When he discovers his patients’ lives are threatened, Dr. Paul Reilly can turn to only one person: Simone Black. She will have his back, even if they don’t agree on much else. But as the former lovers work together to track down the evildoers who are tampering with medications, they rediscover unexpected feelings for one another…even as an enemy wants to silence them permanently.
I wanted to like this book so much – a romantic suspense with no guns on the cover, no SEALs, no former military of any kind – a physician and a lawyer trying to take down an evil pharmaceutical company. There is a lot to like in the book, but it is so messy that I ended up feeling frustrated.
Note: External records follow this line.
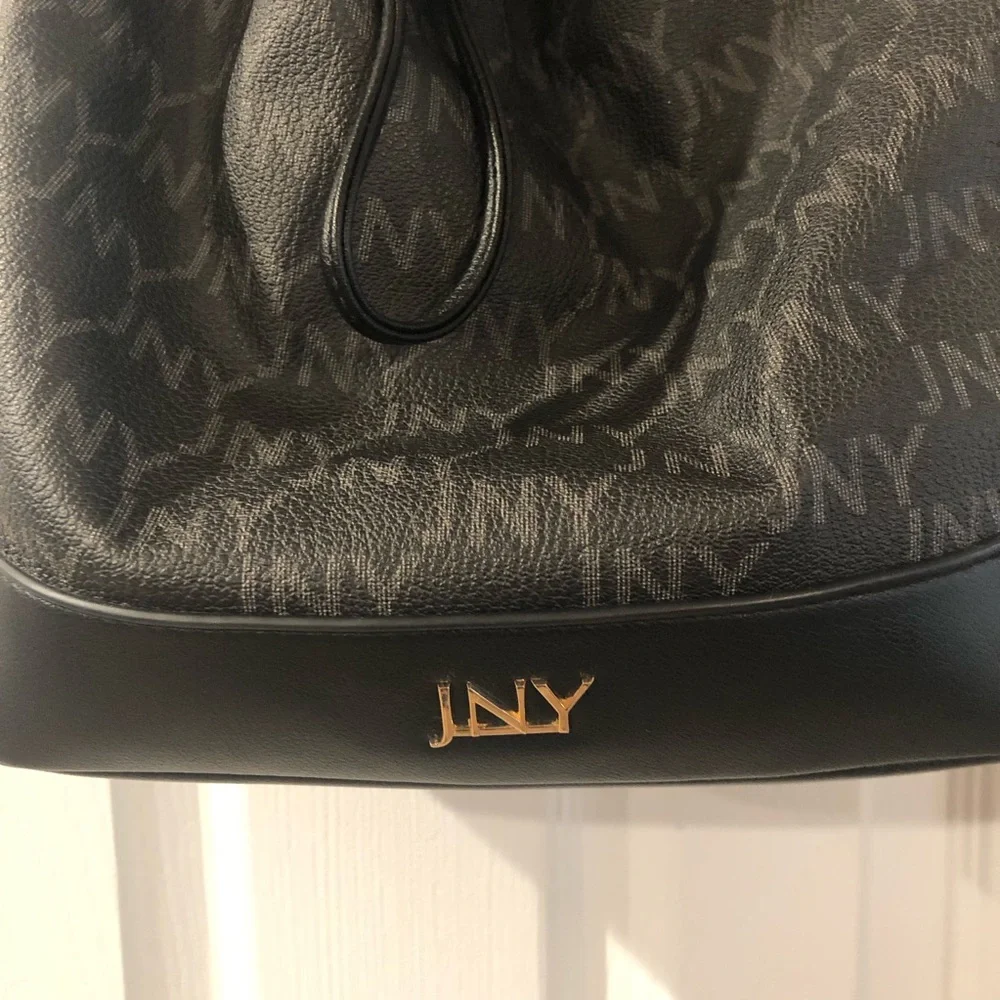 Jones New York Hobo Bag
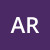 annegret-reichert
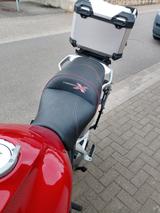 Honda VFR1200 XD SC70 Crosstourer  - Offers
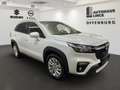Suzuki SX4 S-Cross Comfort AllGrip 1.4 Sitzheizung Wit - thumbnail 2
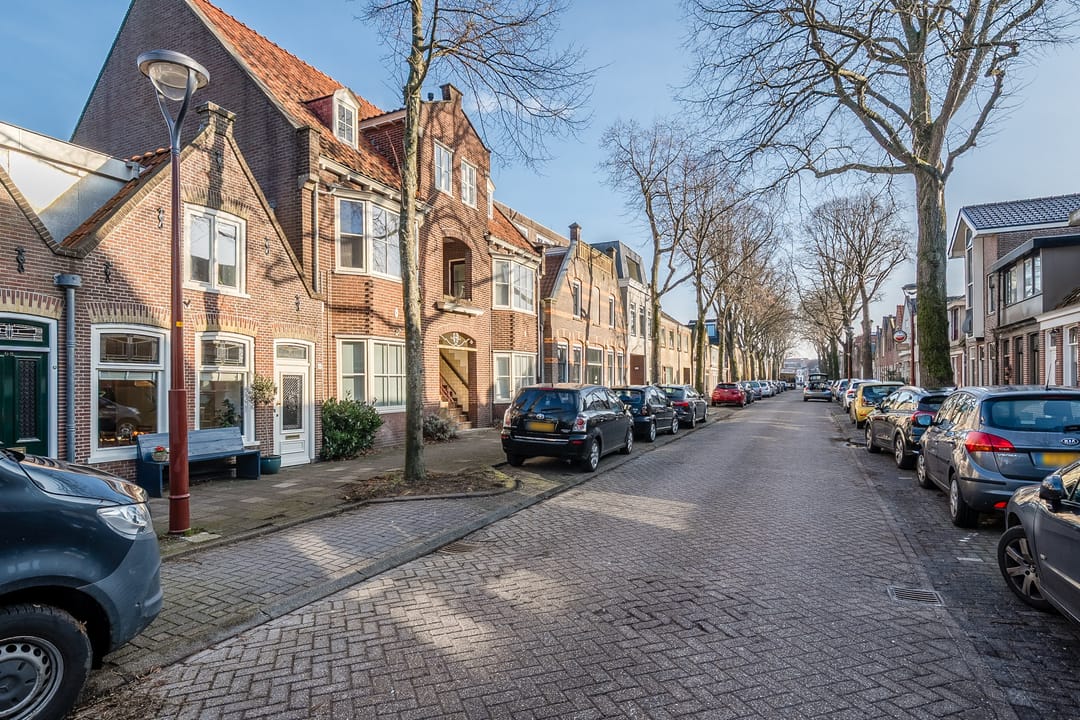 Photo 53 of Lindenlaan 66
I’m breaking this review into The Good, The Messy, and The Bad.
The Good
Paul and Simone were good characters. They had a long relationship that had never quite gone where they wanted it to and they broke up for reasons that had nothing to do with either being a bad person. Paul wanted to go on international medical missions and Simone had a career at the Chicago AG office. The conflict over what they wanted from their lives was compounded by communication issues. It made sense to me that Simone would be the person Paul would call when he needed advice about how to proceed, which meant that their being on the run together made sense. I loved that in their time apart they had thought about what they wanted so that when they came back together, they talked about it before falling back into bed.
Most of the characters were great. I loved that Paul and Simone came with family relationships and those relationships were integral to the plot. Both Simone and Paul get heaps of grief from their families about, well, everything, and it is a delight. I would 5 star a book of just siblings heaping grief on Simone and Paul’s heads.
The Messy
So much plot. So many things happen that I got confused about what was happening now and why. By the end of the book Simone and Paul are together (not a spoiler, it’s a romance, they get an HEA), but so many things had happened that I couldn’t remember if Simone and Paul had really resolved the issues in their relationship or if we are to assume that one of the spoilery plot points was a magical fix. In fact, Simone felt like she had been back-burnered in the last quarter of the book, leaving me feeling less invested in the resolution to the romance.
The Bad
I personally hate the evil, slutty ex-flame character. In this case I think it was both annoying and harmful to the plot. Vanessa is only in the most technical of terms an ex-flame. Paul kinda sorta went out with her once or twice after Simone left him. The problem with Vanessa is that she is a caricature in a book full of characters and her evil, slutty ways defang the whole evil corporation plot. Instead of an evil company, it becomes one evil woman.
Reunited by the Badge is the third in an ongoing series. I’m going to check out the second book, which focuses on Simone’s brother, Mingus, at some point. I liked him a lot and I likes Fletcher Mello’s writing enough that I want to give her another try.